Submitted by Alyssa R Penner on December 7, 2015 - 11:25am
Bryce Ellis stands in front of the Equal Justice Initiative in Montgomery, Alabama with his parents
Bryce Ellis stands in front of the Equal Justice Initiative in Montgomery, Alabama, with his parents, Patty Bicknell and Bob Ellis (photo courtsey of Bryce Ellis)
Photo of Bryce Ellis, a graduating senior double-majoring in LSJ and Communication
Bryce Ellis is a graduating senior double-majoring in LSJ and Communication (photo courtesy of Bryce Ellis)

It took Bryce Ellis and his mother three and a half days to travel from Seattle to Montgomery, Alabama.  That arduous journey proved well worth it.

Ellis went to Montgomery to intern at the Equal Justice Initiative (EJI), a nonprofit organization that provides legal representation to defendants and prisoners of marginalized backgrounds.

The EJI works toward reform in the criminal justice system, particularly in the areas of race and poverty, child imprisonment, the death penalty and mass incarceration.  Its founder, Bryan Stevenson, is the author of the acclaimed memoir, Just Mercy.

As a communications intern, Ellis, who will soon complete a double major in LSJ and Communication, summarized and reviewed the overwhelming number of media requests received by the EJI.

But Ellis was most excited about the organization’s legal work. He made several prison visits and interacted with potential clients. He also did some research for EJI projects.

Ellis said applying for this internship was intense. During winter quarter, he went through a two-and-a-half-hour interview process in Montgomery, completing at least four consecutive interviews.

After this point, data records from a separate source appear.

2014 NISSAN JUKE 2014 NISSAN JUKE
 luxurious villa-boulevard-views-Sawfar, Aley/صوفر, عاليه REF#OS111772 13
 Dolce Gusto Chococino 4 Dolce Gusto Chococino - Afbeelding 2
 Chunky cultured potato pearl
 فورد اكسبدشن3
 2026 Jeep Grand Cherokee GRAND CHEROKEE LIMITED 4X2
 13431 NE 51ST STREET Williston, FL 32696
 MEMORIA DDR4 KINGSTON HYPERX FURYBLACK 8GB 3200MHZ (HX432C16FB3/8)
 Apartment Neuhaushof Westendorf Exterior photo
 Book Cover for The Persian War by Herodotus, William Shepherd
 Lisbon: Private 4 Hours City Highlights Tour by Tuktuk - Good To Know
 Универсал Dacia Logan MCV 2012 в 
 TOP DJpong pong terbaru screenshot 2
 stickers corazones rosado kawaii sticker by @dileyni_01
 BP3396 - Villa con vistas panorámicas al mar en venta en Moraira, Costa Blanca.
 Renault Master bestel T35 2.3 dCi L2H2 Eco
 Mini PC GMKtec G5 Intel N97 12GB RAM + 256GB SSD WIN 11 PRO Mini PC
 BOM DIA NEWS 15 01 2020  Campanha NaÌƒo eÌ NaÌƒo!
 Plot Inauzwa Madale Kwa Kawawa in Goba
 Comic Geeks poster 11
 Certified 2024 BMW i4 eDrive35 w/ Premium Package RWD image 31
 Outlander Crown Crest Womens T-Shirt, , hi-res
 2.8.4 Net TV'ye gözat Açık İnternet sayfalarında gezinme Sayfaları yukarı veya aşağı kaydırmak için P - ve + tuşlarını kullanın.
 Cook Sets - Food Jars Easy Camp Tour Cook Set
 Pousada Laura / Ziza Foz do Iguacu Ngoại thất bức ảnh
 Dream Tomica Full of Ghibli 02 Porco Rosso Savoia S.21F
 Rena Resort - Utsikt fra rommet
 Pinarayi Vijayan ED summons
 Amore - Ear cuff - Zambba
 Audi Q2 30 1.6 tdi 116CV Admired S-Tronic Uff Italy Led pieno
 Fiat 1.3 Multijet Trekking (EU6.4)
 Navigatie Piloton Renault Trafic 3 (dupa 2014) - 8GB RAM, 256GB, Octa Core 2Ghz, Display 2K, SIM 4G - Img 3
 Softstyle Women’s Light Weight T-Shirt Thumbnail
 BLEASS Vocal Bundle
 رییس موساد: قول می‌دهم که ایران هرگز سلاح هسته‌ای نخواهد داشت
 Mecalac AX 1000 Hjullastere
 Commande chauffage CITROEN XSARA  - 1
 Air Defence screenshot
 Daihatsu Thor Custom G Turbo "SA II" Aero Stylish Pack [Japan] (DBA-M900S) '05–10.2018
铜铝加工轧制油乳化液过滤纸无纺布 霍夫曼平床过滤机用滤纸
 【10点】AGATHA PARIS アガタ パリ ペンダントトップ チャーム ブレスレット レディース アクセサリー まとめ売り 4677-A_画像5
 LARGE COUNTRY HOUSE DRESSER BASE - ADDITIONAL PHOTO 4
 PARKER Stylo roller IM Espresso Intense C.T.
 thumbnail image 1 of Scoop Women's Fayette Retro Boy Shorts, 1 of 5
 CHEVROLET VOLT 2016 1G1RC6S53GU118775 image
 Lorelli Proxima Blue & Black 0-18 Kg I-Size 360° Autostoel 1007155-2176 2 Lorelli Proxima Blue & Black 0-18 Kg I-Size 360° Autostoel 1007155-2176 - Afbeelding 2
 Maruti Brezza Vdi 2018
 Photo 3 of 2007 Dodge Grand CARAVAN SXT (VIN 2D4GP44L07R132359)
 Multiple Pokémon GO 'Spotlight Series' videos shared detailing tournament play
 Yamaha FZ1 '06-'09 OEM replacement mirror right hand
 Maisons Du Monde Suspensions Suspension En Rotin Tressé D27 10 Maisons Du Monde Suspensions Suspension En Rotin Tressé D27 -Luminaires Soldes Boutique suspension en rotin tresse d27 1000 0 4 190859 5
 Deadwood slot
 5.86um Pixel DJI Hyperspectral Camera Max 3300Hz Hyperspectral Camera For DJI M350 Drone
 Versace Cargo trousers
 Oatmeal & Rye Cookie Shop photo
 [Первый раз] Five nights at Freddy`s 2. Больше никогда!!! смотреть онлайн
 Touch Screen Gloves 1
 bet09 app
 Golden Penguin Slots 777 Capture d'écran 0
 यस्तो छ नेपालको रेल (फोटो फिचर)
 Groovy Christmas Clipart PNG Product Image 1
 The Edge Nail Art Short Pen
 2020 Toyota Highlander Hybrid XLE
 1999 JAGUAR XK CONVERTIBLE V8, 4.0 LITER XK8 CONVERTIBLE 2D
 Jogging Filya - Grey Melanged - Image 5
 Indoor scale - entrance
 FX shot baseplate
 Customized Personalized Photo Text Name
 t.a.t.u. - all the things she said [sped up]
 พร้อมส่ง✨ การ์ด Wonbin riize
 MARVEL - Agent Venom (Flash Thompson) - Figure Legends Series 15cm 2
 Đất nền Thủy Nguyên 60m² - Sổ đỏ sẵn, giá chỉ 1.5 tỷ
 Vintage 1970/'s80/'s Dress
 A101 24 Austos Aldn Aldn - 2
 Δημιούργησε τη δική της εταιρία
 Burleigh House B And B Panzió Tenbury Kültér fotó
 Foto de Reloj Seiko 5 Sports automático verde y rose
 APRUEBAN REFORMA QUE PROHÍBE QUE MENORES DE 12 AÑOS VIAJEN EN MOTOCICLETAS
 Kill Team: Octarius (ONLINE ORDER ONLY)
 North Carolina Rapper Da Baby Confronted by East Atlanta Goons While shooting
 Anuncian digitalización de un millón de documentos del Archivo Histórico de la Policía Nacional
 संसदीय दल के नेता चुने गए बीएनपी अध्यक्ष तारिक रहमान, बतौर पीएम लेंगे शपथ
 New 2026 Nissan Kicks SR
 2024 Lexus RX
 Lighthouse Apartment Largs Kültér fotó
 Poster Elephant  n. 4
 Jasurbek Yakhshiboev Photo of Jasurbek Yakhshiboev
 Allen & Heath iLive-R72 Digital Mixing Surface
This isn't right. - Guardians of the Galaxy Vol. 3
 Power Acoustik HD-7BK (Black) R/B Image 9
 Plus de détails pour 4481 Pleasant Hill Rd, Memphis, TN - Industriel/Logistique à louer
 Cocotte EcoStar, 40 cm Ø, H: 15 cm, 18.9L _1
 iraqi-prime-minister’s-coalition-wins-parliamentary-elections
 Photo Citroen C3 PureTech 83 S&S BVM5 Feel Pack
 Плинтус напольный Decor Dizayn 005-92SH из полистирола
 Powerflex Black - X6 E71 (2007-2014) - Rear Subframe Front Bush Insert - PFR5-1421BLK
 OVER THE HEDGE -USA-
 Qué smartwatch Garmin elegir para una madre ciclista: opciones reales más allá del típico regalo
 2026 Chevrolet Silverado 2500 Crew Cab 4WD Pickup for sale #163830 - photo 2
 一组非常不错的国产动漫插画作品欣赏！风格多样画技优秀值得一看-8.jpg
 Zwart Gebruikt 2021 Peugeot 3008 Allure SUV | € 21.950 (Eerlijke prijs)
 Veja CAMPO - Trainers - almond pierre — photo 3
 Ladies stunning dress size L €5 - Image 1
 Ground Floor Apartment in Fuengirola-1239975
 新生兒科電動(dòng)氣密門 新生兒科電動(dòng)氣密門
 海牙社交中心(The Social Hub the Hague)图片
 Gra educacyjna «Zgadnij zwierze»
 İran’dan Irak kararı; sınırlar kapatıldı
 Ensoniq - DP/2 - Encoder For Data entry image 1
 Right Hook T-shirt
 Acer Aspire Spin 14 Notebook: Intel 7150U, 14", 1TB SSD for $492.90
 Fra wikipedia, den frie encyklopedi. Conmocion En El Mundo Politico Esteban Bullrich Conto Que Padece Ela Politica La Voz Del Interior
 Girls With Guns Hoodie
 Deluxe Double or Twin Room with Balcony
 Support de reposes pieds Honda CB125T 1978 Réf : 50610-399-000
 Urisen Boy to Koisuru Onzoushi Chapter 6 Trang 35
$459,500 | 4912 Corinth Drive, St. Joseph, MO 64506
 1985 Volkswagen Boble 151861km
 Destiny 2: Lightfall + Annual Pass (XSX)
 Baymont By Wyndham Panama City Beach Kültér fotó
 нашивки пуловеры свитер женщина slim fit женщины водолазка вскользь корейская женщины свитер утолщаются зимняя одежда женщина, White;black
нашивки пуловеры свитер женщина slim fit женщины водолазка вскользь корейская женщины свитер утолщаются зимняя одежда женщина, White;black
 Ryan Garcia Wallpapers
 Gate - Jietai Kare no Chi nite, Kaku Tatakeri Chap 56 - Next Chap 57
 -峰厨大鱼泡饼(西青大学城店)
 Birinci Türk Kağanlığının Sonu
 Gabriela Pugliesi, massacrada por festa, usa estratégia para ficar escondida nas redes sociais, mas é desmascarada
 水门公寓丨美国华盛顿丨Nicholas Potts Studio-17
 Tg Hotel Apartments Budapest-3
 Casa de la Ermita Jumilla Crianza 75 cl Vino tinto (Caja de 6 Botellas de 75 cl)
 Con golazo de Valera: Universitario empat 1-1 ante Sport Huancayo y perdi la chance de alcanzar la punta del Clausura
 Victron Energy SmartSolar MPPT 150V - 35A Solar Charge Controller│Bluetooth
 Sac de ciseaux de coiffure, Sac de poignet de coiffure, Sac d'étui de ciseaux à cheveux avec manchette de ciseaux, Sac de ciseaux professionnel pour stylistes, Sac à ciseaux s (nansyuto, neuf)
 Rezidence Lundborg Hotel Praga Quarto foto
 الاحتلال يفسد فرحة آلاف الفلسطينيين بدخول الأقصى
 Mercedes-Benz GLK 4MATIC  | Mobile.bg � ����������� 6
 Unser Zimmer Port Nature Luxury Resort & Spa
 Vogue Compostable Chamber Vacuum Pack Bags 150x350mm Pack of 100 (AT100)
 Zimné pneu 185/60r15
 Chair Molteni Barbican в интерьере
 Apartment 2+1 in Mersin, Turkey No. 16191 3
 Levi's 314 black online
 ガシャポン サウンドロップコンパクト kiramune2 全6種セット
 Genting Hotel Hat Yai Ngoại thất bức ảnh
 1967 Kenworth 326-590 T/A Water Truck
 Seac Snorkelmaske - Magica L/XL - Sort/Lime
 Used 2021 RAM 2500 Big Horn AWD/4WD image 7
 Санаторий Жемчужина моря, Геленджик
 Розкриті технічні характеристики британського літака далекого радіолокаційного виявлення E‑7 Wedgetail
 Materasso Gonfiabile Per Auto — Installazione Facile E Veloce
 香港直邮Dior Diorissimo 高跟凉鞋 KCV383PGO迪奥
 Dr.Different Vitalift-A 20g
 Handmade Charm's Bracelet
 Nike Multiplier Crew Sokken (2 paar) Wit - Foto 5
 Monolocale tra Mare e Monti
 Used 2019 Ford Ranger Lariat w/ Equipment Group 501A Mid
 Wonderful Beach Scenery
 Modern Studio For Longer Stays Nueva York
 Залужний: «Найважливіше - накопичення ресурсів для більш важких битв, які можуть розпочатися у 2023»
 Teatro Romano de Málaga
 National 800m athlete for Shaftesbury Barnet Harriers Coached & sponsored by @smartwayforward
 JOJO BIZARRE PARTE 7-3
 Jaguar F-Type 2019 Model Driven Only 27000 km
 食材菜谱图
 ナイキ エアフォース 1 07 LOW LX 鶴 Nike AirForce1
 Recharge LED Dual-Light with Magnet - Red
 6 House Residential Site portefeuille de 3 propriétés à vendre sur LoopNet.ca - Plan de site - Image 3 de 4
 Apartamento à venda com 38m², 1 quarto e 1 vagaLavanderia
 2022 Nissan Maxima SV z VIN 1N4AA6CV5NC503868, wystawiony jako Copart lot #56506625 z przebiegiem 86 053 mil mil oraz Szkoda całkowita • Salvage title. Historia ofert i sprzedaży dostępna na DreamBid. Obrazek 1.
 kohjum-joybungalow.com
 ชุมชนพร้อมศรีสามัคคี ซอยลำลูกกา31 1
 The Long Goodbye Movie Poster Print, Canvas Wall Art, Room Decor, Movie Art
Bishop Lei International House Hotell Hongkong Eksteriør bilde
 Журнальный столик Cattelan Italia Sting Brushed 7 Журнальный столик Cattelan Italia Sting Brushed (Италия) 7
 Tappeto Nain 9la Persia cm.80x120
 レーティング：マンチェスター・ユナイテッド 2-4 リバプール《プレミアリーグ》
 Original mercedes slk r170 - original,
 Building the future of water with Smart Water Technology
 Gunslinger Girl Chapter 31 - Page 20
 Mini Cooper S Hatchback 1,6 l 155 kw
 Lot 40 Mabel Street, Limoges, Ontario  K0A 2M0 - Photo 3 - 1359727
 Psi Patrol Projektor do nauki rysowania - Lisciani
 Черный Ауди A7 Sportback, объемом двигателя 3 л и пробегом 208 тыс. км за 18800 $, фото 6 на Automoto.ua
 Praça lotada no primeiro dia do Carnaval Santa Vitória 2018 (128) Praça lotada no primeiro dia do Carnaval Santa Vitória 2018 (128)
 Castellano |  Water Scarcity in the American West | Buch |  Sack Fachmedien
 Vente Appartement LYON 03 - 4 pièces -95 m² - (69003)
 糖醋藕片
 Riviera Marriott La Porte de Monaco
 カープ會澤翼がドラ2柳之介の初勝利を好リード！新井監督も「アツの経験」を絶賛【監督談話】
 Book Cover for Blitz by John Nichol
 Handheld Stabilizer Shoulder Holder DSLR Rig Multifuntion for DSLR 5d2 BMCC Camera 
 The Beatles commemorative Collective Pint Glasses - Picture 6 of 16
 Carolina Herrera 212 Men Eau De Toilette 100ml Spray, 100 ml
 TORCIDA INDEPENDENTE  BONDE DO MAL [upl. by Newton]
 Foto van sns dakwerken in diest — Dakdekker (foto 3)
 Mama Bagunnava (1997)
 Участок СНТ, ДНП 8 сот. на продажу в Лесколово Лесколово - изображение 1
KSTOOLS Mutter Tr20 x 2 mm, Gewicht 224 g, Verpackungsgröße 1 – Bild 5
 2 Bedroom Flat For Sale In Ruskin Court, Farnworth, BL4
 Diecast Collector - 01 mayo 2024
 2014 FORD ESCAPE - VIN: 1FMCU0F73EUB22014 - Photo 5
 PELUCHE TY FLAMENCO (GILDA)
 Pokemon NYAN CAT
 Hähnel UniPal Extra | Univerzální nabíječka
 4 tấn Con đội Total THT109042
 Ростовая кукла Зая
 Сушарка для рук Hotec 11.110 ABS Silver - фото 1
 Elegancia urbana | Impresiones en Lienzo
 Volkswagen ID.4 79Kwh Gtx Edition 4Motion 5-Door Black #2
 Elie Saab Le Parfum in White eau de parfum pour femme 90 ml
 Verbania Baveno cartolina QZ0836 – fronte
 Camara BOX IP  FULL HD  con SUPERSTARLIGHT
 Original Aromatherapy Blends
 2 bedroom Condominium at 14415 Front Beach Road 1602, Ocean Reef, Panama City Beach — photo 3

“They seemed to be curious about why I was interested in their work, about what I thought about mass incarceration and where I saw myself within mass incarceration work,” Ellis said. “That’s an easy question to answer having been in LSJ.”

In 2014, Ellis took Professor Steve Herbert’s mixed enrollment class, a 400-level seminar taught at the Washington State Reformatory in Monroe. About half of the students were LSJ students like Ellis. The other students were inmates involved in the University Beyond Bars program.

“One of the things they talk about at EJI is the idea that mass incarceration is a reflection of America’s racial history,” Ellis said. “Mass incarceration is basically slavery by another name.”

Ellis, who transferred to the UW from Seattle Central Community College, credits his LSJ professors for shaping his perspective on criminal justice.

“When I came to the UW, I just made it a priority to try my darndest to engage with professors after class,” he said.

He took Professor Angelina Godoy’s 2013-14 group honors thesis class on deportation policies.

“In that class, it was about humanizing these issues that so often we confront with statistics and pushing it to that next level of thought and consideration,” Ellis said.

He also took Professor Katherine Beckett’s 2014-15 group honors thesis class on life without parole. That experience, Ellis said, introduced him to an area of criminal justice where he would like to have an impact.

Ellis said that spending his four-month internship in the South opened his eyes to a new perspective on race and privilege. It also contextualized his understanding of racial dynamics in Seattle.

“This idea of race separated by railroad tracks was really prominent in the South in that you could see these physical divides in the community,” he said.

But Seattle isn’t so different.

“We have similar racial divides that aren’t so clearly defined but that are very much there,” Ellis said.

After graduating, Ellis will move to Indiana to work for the Theta Chi Fraternity’s international headquarters. He also plans to apply to law school within the next few years.

Because of his experience with EJI, Ellis is considering a career as a public defender.

“The possibility of not just pleading out but actually arguing cases and representing the poor and marginalized who find themselves disproportionately impacted by the criminal justice system is really, really appealing to me,” Ellis said. “There is so much opportunity for change.”